Re: [Qemu-devel] [PATCH 0/3] vfio-ccw: support hsch/csch (kernel part)

Cornelia Huck <cohuck@xxxxxxxxxx> · Fri, 21 Dec 2018 12:23:32 +0100

On Wed, 19 Dec 2018 15:17:19 +0100
Halil Pasic <pasic@xxxxxxxxxxxxx> wrote:

> On Wed, 19 Dec 2018 12:54:42 +0100
> Cornelia Huck <cohuck@xxxxxxxxxx> wrote:
> 
> > On Fri, 7 Dec 2018 17:54:23 +0100
> > Halil Pasic <pasic@xxxxxxxxxxxxx> wrote:
> >   
> > > On Fri, 7 Dec 2018 11:05:29 +0100
> > > Cornelia Huck <cohuck@xxxxxxxxxx> wrote:
> > >   
> > > > > > I think most of the sorting-out-the-operations stuff should be done by
> > > > > > the hardware itself, and we should not really try to enforce anything
> > > > > > special in our vfio code.
> > > > > >         
> > > > > 
> > > > > Sounds very reasonable to me.

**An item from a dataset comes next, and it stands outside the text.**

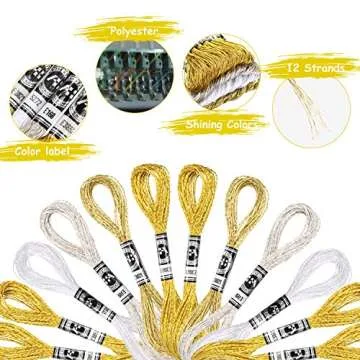 WILLBOND 24 Skeins Metallic Embroidery Threads Glitter Embroidery Floss Embroidery Floss-Cross Stitch Thread Gold and Silver Polyester Thread Friendship Bracelets Thread for Embroidery Thread Crafts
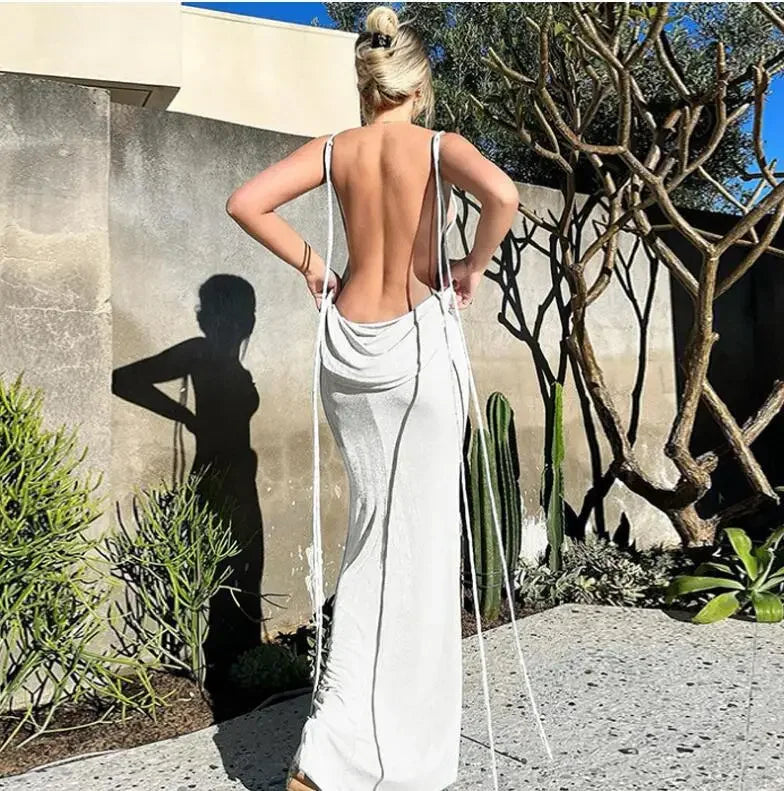 Kendall Halter Backless Bodycon Maxi Party Dress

Does this mean you are against Pierre's
> > > > > '[PATCH v3 6/6] vfio: ccw: serialize the write system calls' as it does
> > > > > not let HW sort out stuff, but enforces sequencing?      
> > > > 
> > > > I have not yet had time to look at that, sorry.
> > > >     
> > > > > 
> > > > >       
> > > > > > For your example, it might be best if a hsch is always accepted and
> > > > > > send on towards the hardware.        
> > > > > 
> > > > > Nod.
> > > > >       
> > > > > > Probably best to reflect back -EAGAIN if
> > > > > > we're currently processing another instruction from another vcpu, so
> > > > > > that the user space caller can retry.        
> > > > > 
> > > > > Hm, not sure how this works together with your previous sentence.      
> > > > 
> > > > The software layering. We have the kernel layer
> > > > (drivers/s390/cio/vfio_ccw_*) that interacts with the hardware more or
> > > > less directly, and the QEMU layer, which does some writes on regions.
> > > > In the end, the goal is to act on behalf of the guest issuing a
> > > > ssch/hsch/csch, which is from the guest's view a single instruction. We
> > > > should not have the individual "instructions" compete with each other
> > > > so that they run essentially in parallel (kernel layer), but we should
> > > > also not try to impose an artificial ordering as to when instructions
> > > > executed by different vcpus are executed (QEMU layer). Therefore, don't
> > > > try to run an instruction in the kernel when another one is in progress
> > > > for the same subchannel (exclusivity in the kernel), but retry in QEMU
> > > > if needed (no ordering between vcpus imposed).
> > > > 
> > > > In short, don't create strange concurrency issues in the "instruction"
> > > > handling, but make it possible to execute instructions in a
> > > > non-predictable order if the guest does not care about enforcing
> > > > ordering on its side.
> > > >     
> > > 
> > > I'm neither sold on this, nor am I violently opposing it. Will try to
> > > meditate on it some more if any spare cycles arise. Currently I don't
> > > see the benefit of the non-predictable order over plain FCFS. For
> > > example, let's assume we have a ssch "instruction" that 1 second to
> > > complete. Since normally ssch instruction  does not have to process the
> > > channel program, and is thus kind of a constant time operation (now we
> > > do the translation and the pinning as a part of the "instruction), our
> > > strange guest gets jumpy and does a csch after T+0.2s. And on T+0.8 in
> > > desperation follows the whole up with a hsch. If I understand your
> > > proposal correctly, both userspace handlers would spin on -EAGAIN until
> > > T+1. When ssch is done the csch and the hsch would race for who can
> > > be the next. I don't quite get the value of that.  
> > 
> > What would happen on real hardware for such a guest? I would expect
> > that the csch and the hsch would be executed in a random order as well.
> >   
> 
> Yes, they would be executed in random order, but would not wait until the
> ssch is done (and especially not wait until the channel program gets
> translated). AFAIR bot cancel the start function immediately -- if any
> pending.
> 
> Furthermore the point where the race is decided is changing the function
> control bits -- the update needs to be an interlocked one obviously.
> 
> What I want to say, there is no merit in waiting -- one second in the
> example. At some point it needs to be decided who is considered first,
> and artificially procrastinating this decision does not do us any good,
> because we may end up with otherwise unlikely behavior.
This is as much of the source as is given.